■ Task goal ■
In the entries below, find the line containing "2017 Honda Pilot lx" and the line containing "143 Leamer Court Iowa City IA 52246". Copy those two lines and everything between them exactly, without the pictures.

■ Supplied entries ■
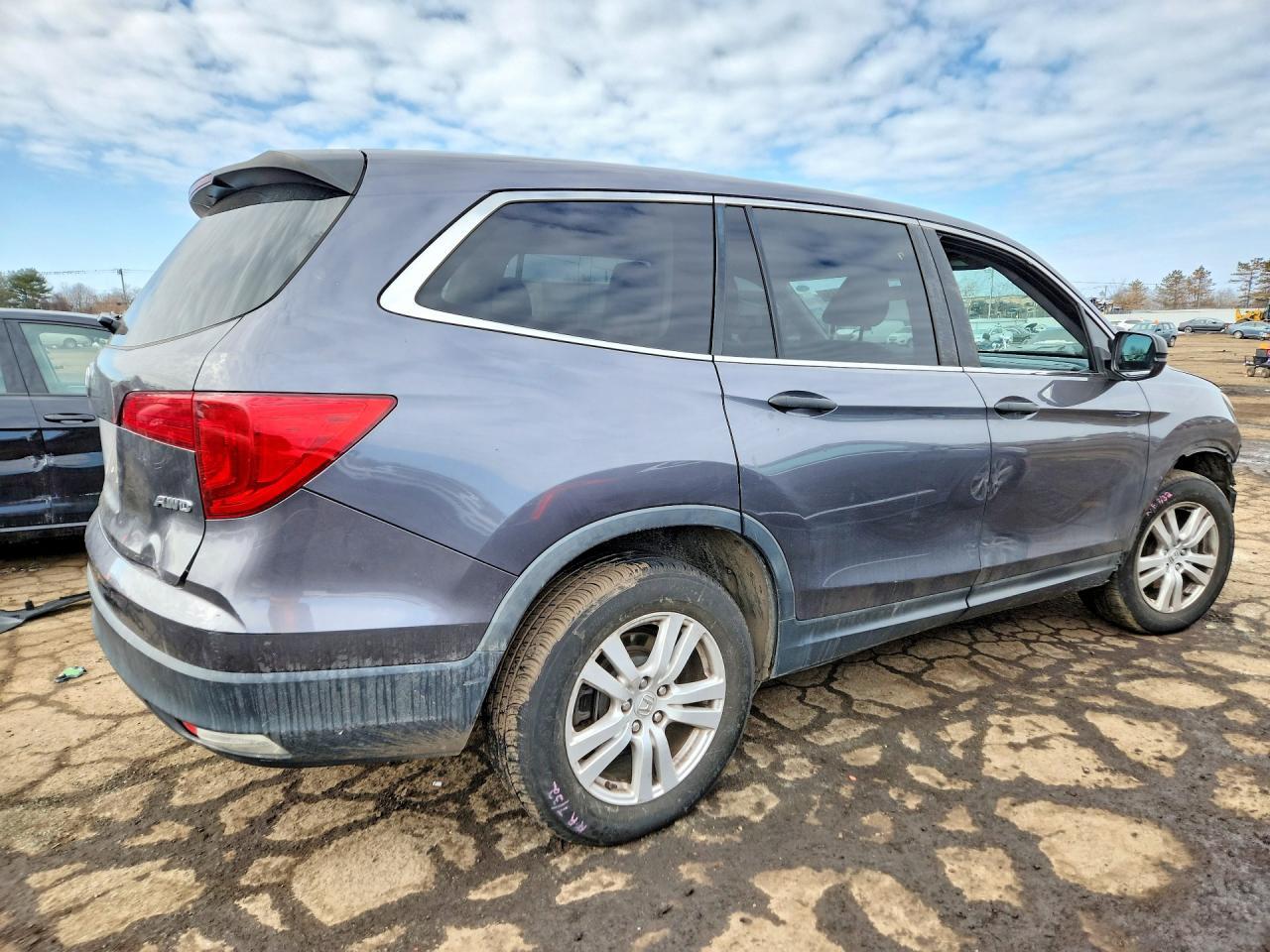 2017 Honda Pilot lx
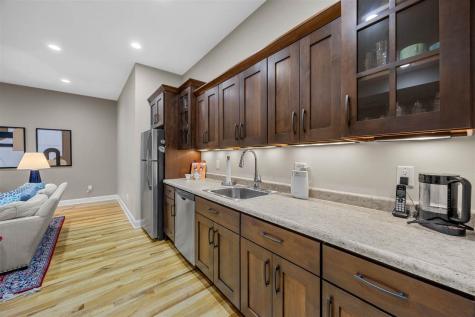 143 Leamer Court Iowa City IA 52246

==

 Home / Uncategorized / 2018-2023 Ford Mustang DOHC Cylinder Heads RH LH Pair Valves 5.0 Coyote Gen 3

■ Task result ■
 2017 Honda Pilot lx
 143 Leamer Court Iowa City IA 52246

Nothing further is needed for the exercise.